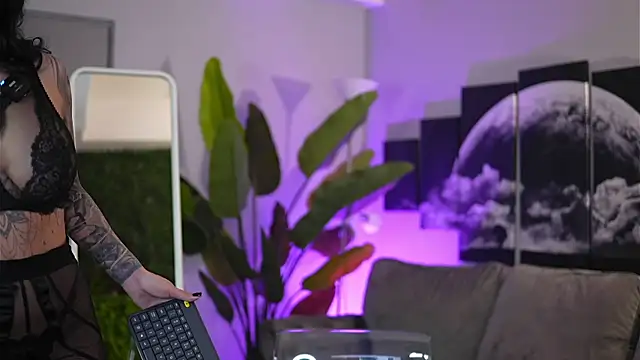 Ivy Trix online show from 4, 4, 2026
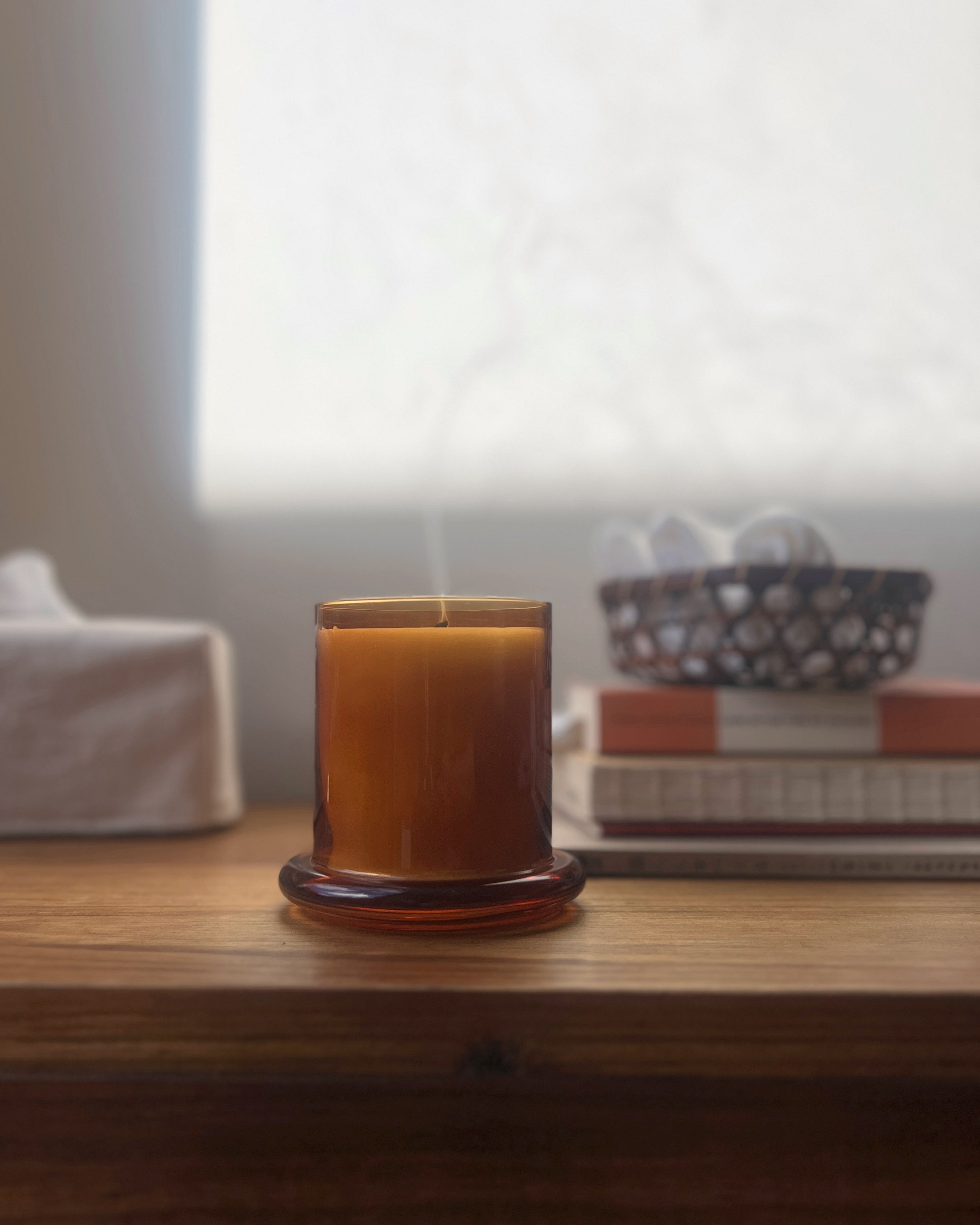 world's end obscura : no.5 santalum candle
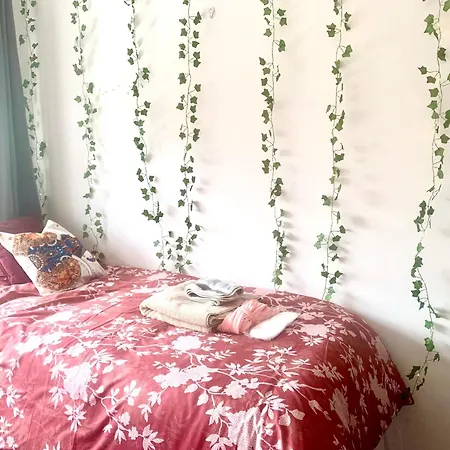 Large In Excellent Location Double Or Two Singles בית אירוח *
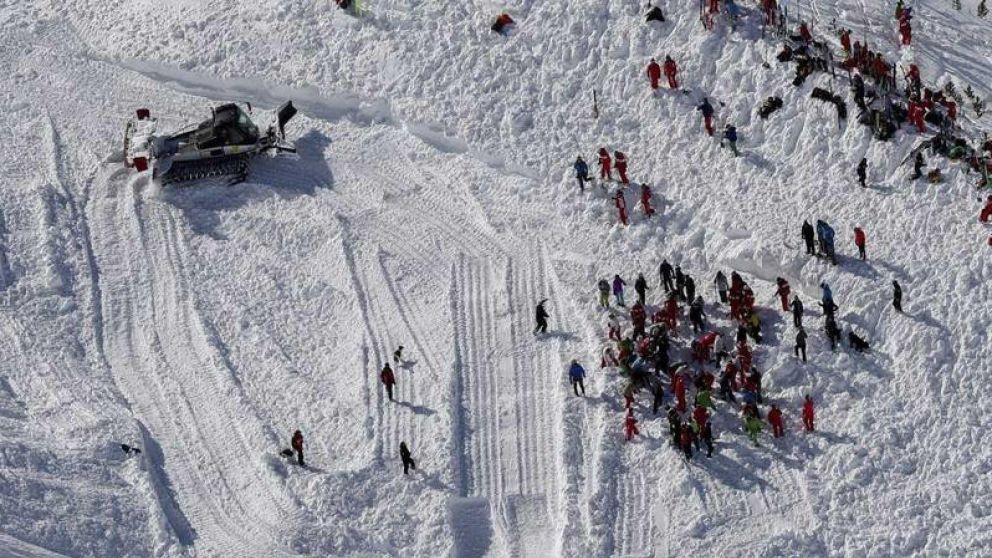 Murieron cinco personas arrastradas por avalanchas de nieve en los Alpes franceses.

· · · · · · ·

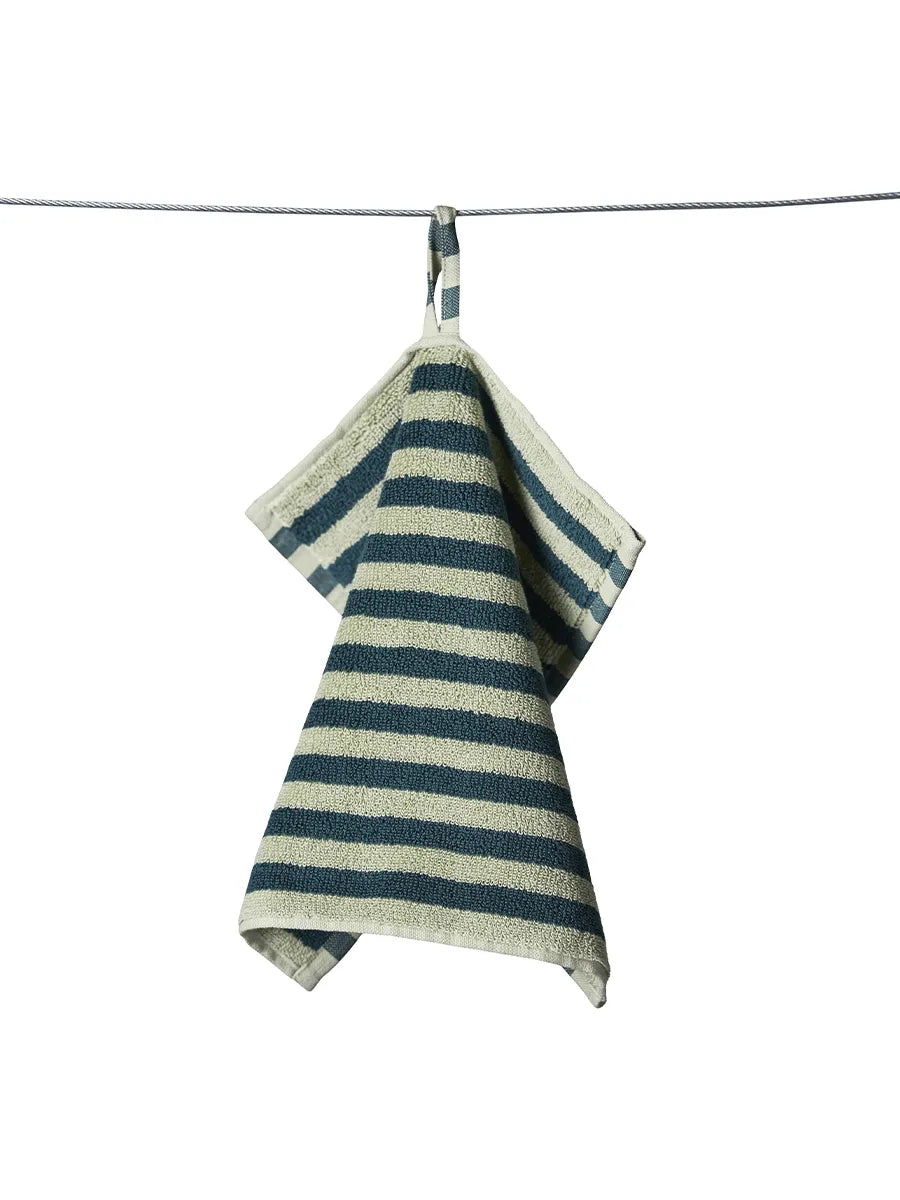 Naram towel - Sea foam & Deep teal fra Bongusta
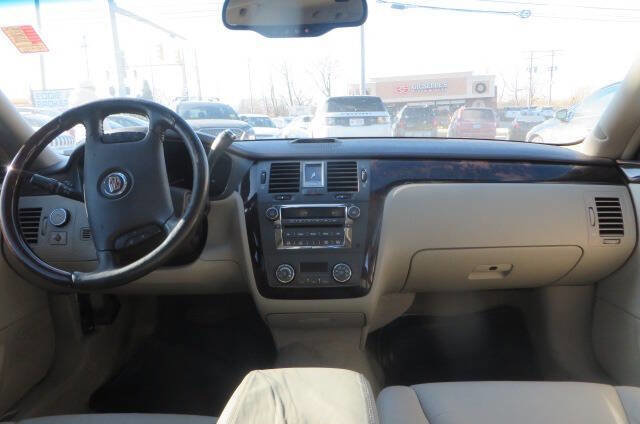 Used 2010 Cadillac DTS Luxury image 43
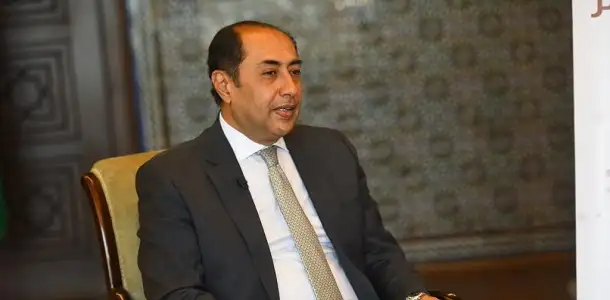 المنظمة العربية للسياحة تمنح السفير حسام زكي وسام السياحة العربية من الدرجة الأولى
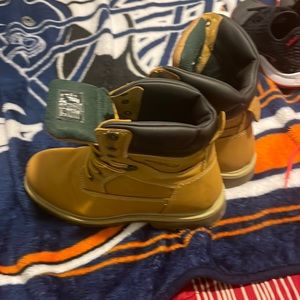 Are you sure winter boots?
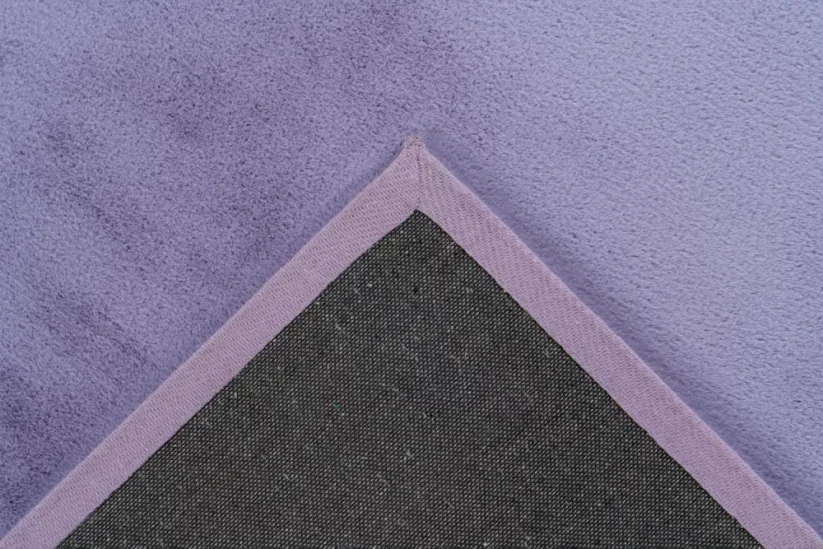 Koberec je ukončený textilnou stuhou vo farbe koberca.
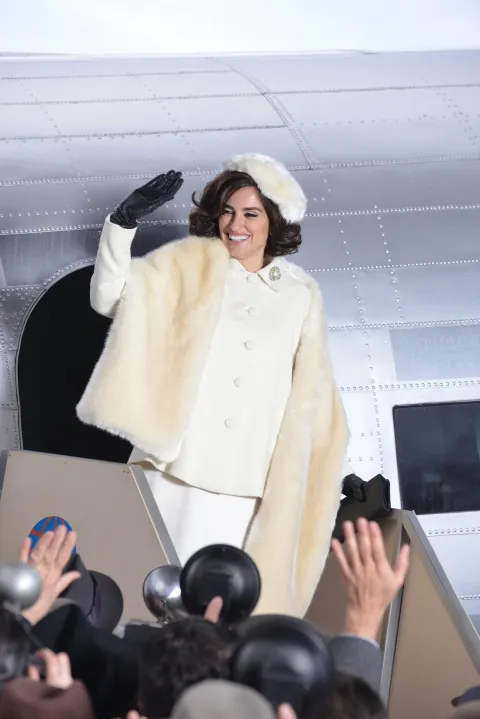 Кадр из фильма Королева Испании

· · · · · · ·

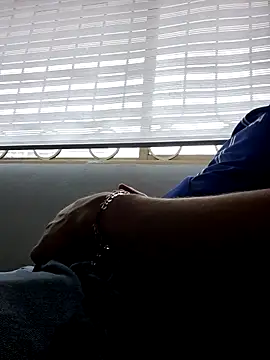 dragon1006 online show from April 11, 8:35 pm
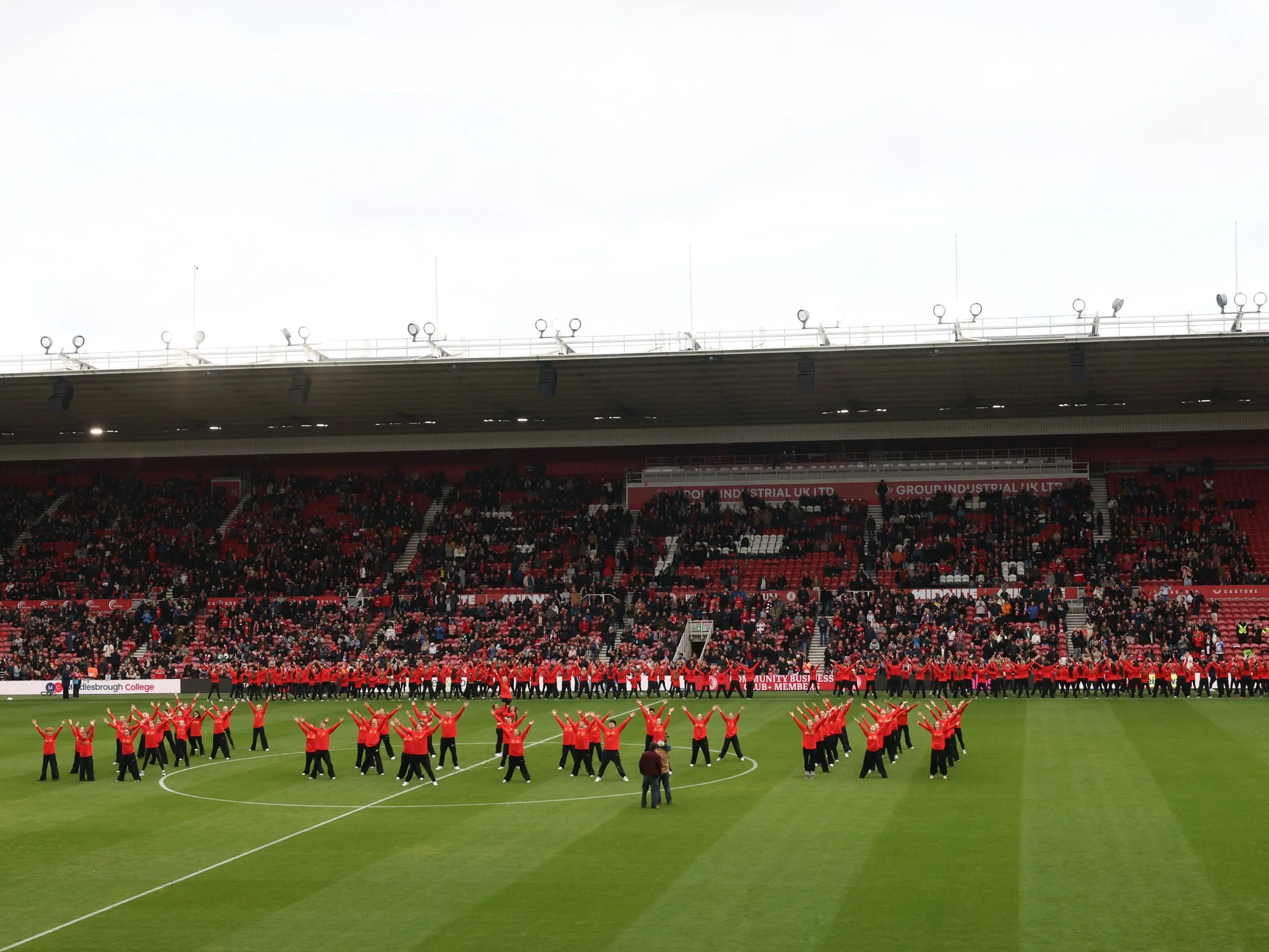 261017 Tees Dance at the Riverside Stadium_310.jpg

· · · · · · ·

The copy should hold exactly the lines above from the one with "Ivy Trix online show from 4, 4, 2026" through the one with "Murieron cinco personas", both ends counted, and no pictures at all.

__RESPONSE BELOW__
 Ivy Trix online show from 4, 4, 2026
 world's end obscura : no.5 santalum candle
 Large In Excellent Location Double Or Two Singles בית אירוח *
 Murieron cinco personas arrastradas por avalanchas de nieve en los Alpes franceses.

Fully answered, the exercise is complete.